The Freelance Teacher

freelance teacher

The Freelance Teacher

Why Is It So Hard To Achieve a Decent Fee or Lesson Rate?

Hi! Welcome to this special corner of  EFL Magazine where you’ll find answers on how to raise your freelance teaching business into a financially secured career. If you’re looking for advice from a sympathetic freelance teaching colleague on how to attract new students (and perhaps more importantly why you don’t), write to Janine Bray-Mueller, a marketing enthusiast.

For the first edition of the EFL Magazine, here is how marketing relates to this question:

Why is it so hard to achieve a decent fee or lesson rate?

The Market Value of a Teacher’s Work on the Global Market Place

It is hard to set your fees higher when everyone else prices theirs at a low level, especially when you’re new to teaching. It feels arrogant to suggest your services are worth more than a teacher who has been teaching longer than 10 years.

It’s a small part of a problem that plagues most teachers — the value of teacher’s work on the global market place.

We have the potential to create life-changing transformations for students on many levels.

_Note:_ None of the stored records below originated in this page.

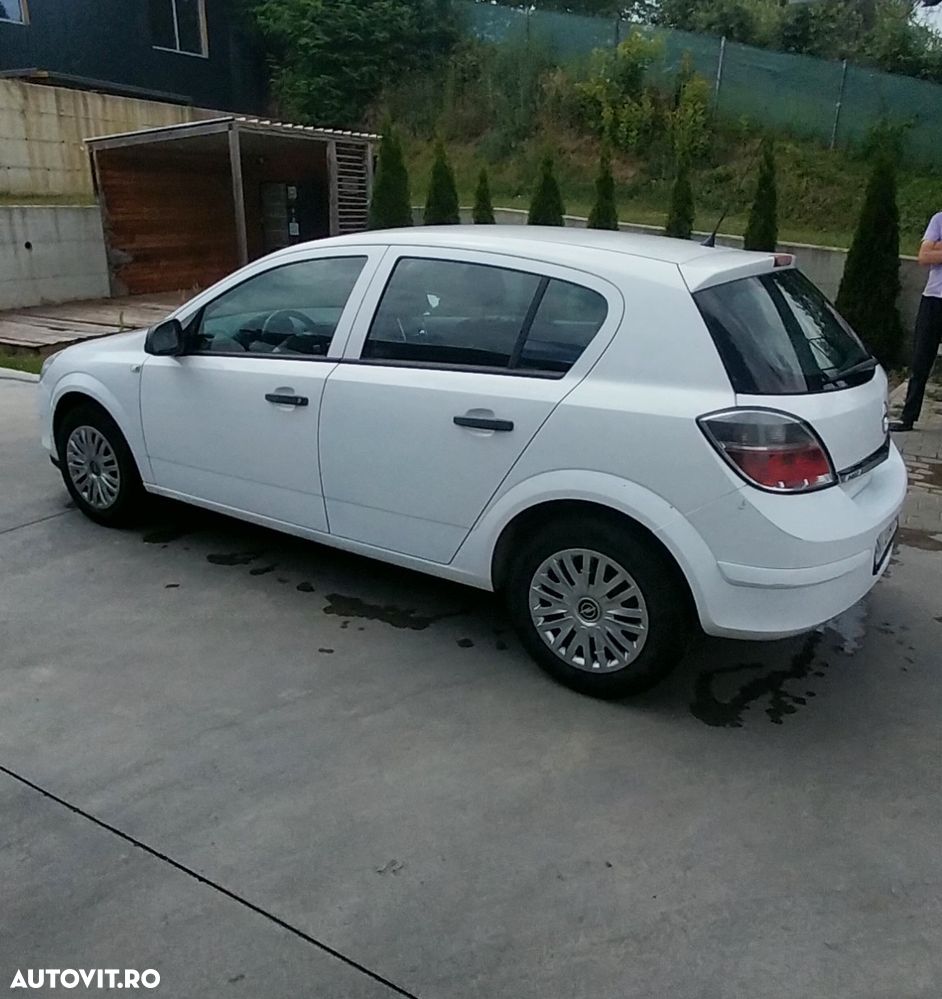 Opel Astra 1.4i Cosmo - 3
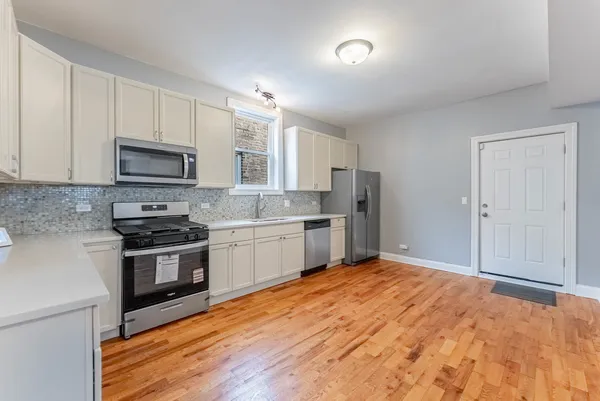 $1,800 | 163 North Lockwood Avenue, Unit 2, Chicago, IL 60644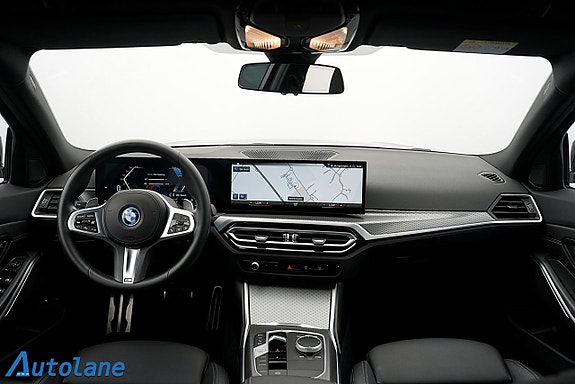 BMW 330e 19 of 30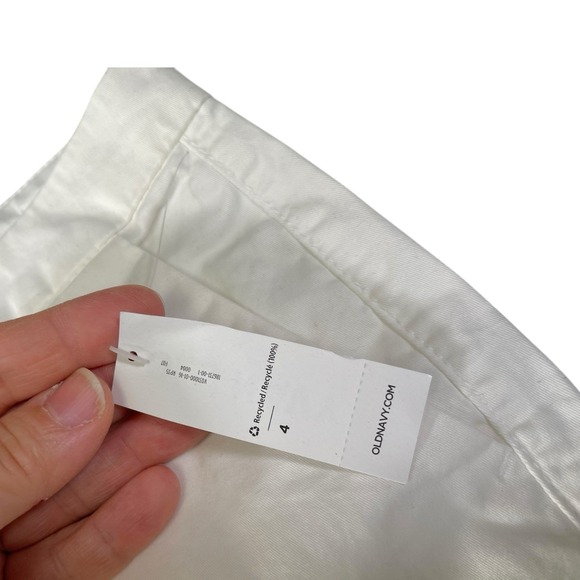 NEW Old Navy Womens 4 White Bermuda Shorts 32x7 Dirty 9" Inseam Business Casual - Picture 4 of 7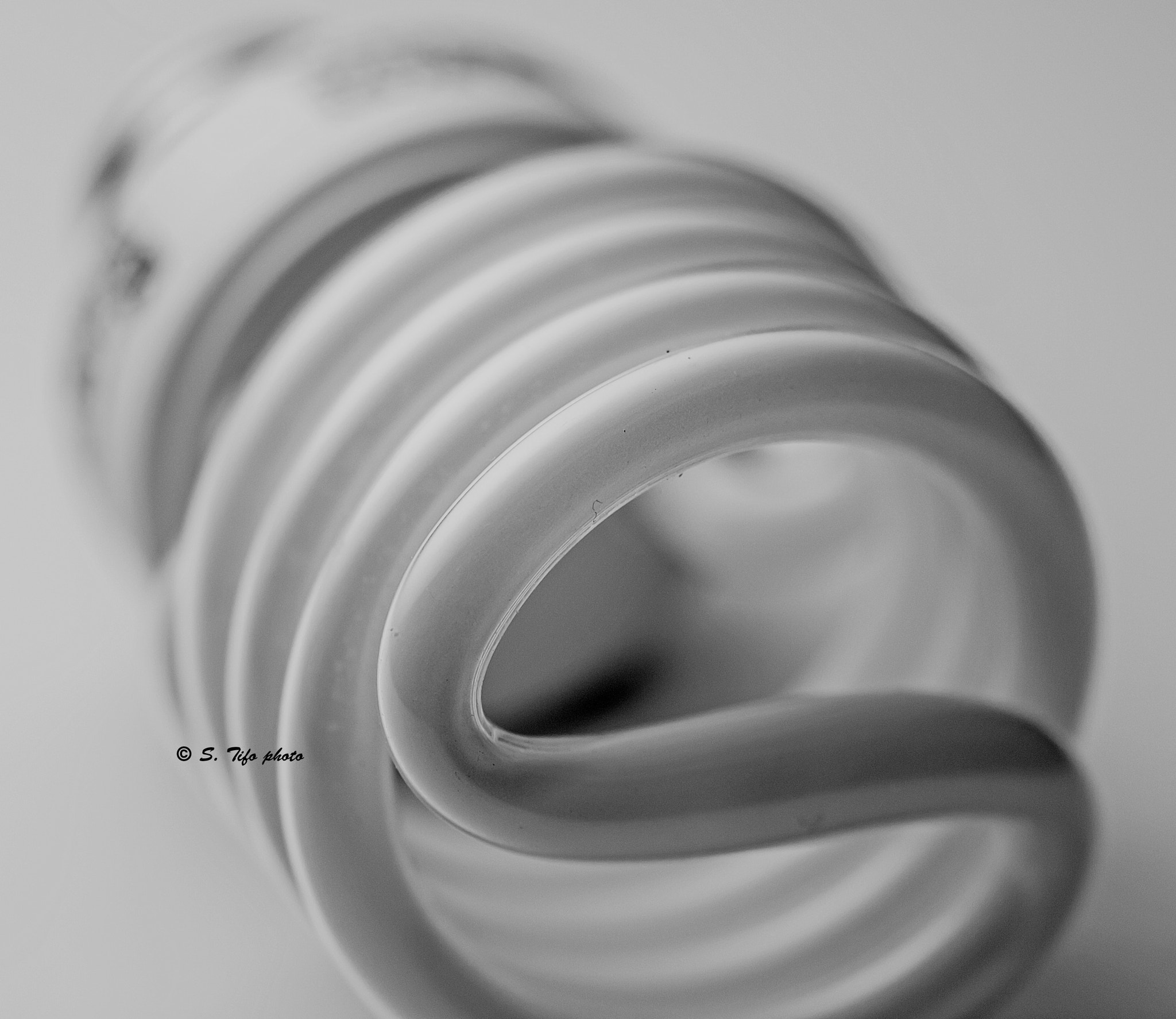 Sigma 105mm F2.8 EX DG OS HSM sample photo. Light .... photography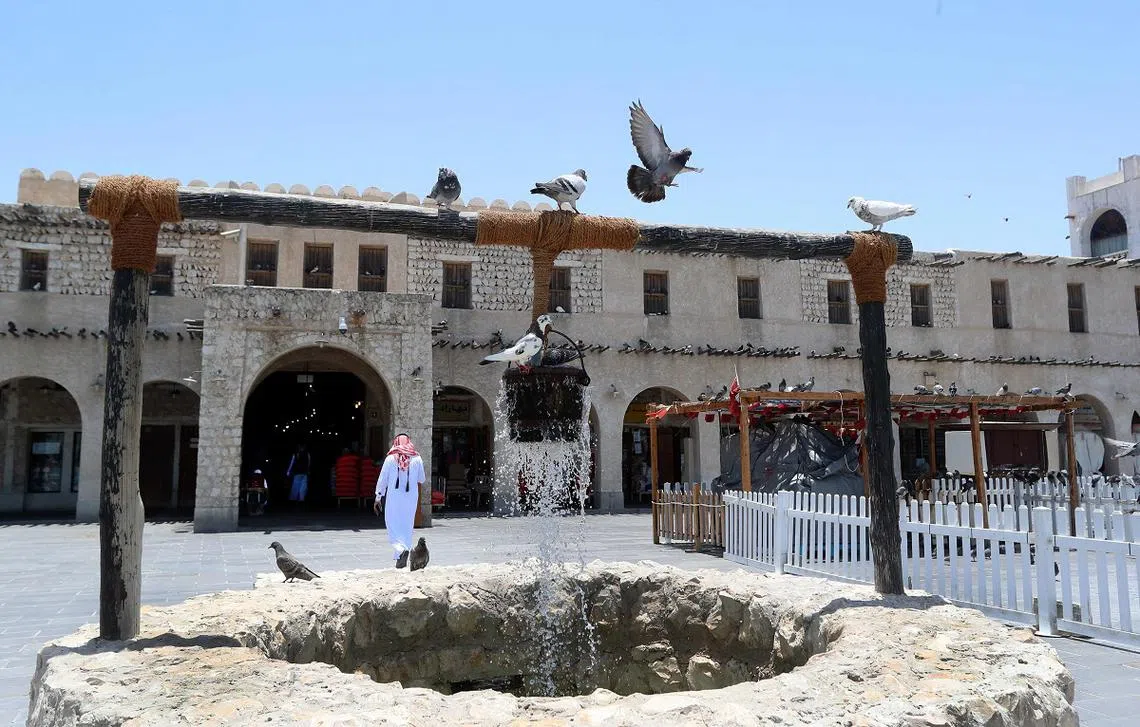 中东富裕小国卡塔尔4月间推出追踪手机应用，被批侵犯隐私权。（法新社）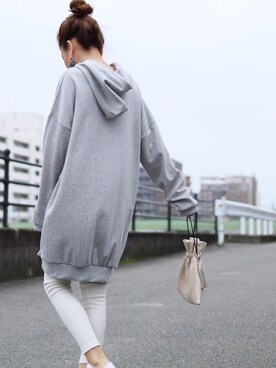「reca（レカ）のアイテム（パーカー）」を使った、recastaffさん（レディース・167cm）の春コーディネート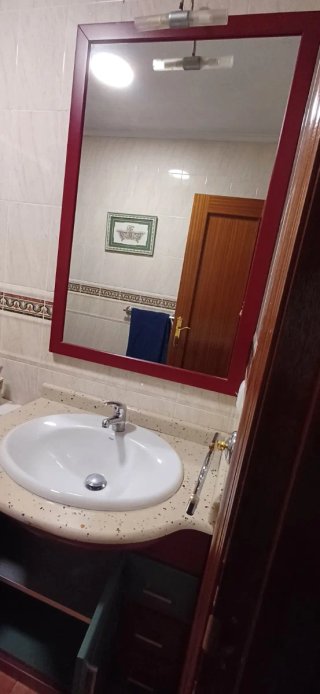 Mueble de baño verde y rojo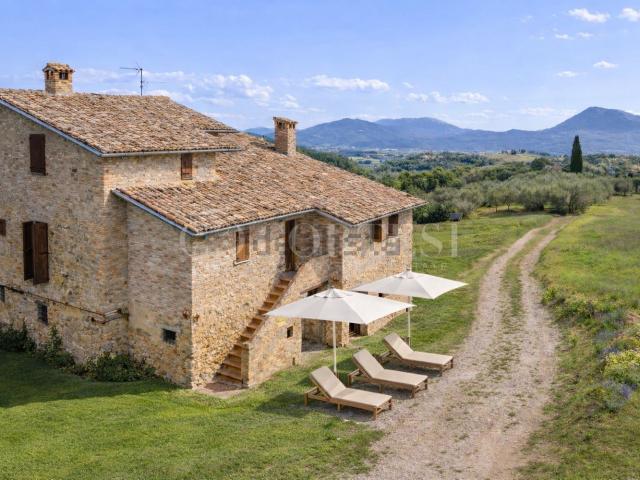 Casa in vendita a Montone, Umbria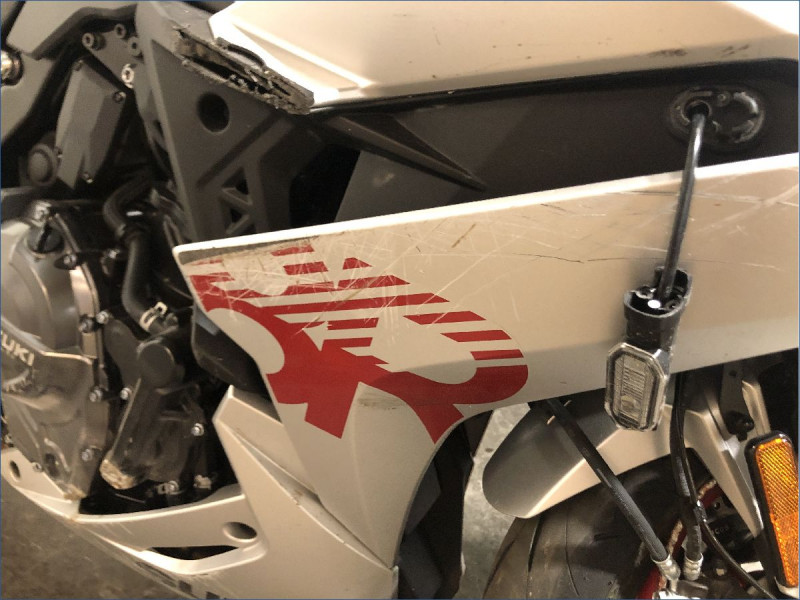 SUZUKI GSX-8R 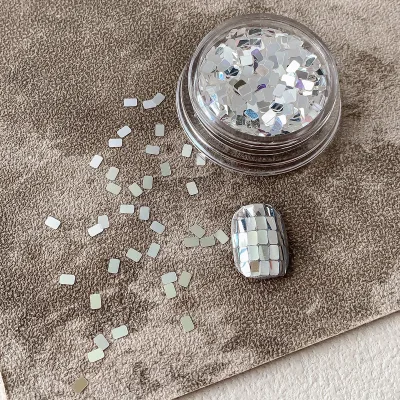Décorations d'ongles carrées argentées – image 2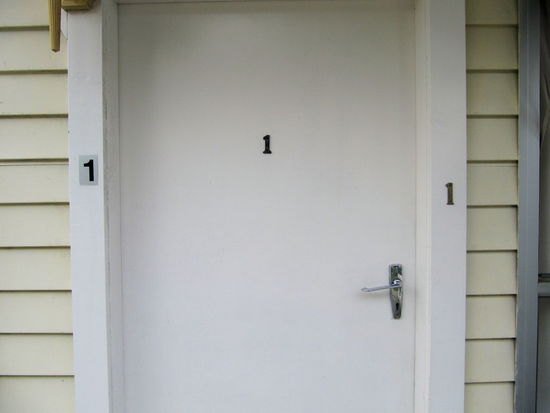 Mary hatte natürlich eine große Cabin mit eigenem Bad und einer Küche. Auf den ersten Blick könnte man meinen sie wohnte in Cabin 111, aber es war Cabin 1. Irgendwie wollte man wirklich sicher gehen, dass niemand die '1' übersieht!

This can be intellectual, financial, personal recognition or satisfaction, just to name a few. But most teachers often have an attitude that their work is SO important, it should be made available to EVERYONE. Consequently, the trend is to under-price rather than accept a reality-based price for lessons and seminars that has to be and should be charged. As a result, pricing slips into an almost unconscious ‘price-fixing’ rule within our teaching community that in turn feeds insecurity and fears of survival. Can I pay the rent? Put food on the table?

Are you earning enough?

This underlying fear and insecurity drives many freelance teachers fighting over the little work still available in schools and institutes. However, in Europe, the going rates are € 8 – € 25 an hour. If you are the bread-earner in your family then these rates won’t pay your bills! The alternative is to become a professional freelance teacher — an entrepreneurial freelance teacher.

Find your own paying students, set up your own teaching service and go it alone!

I made this decision many years ago and have never looked back!

But please remember… A business is not a business unless it earns money!

The market economy evolves in a purely supply and demand environment and if any freelance teacher is going to survive, they must decide whether their business is a hobby or a professional teaching service. Setting up your freelancing shop won’t have students beating a path to your door without the help of signposts (marketing) showing the way. Waiting for the word to spread is a waste of your time. It only serves to steadily deplete what money is available in your bank account.

Yet it’s no surprise to hear teachers are too busy teaching. We all know that, but…

It’s soooo easy to forget the question of earning enough to cover your expenses while you prepare for your next lesson or seminar, that is ummm… until the postman drops the next bill into your letterbox.

Teachers must actively work at marketing their teaching service if they want students to find their door. To do this, all freelance teachers have to do the groundwork for stating their business case to the world. But what about…

…the ethical problem teachers feel about marketing?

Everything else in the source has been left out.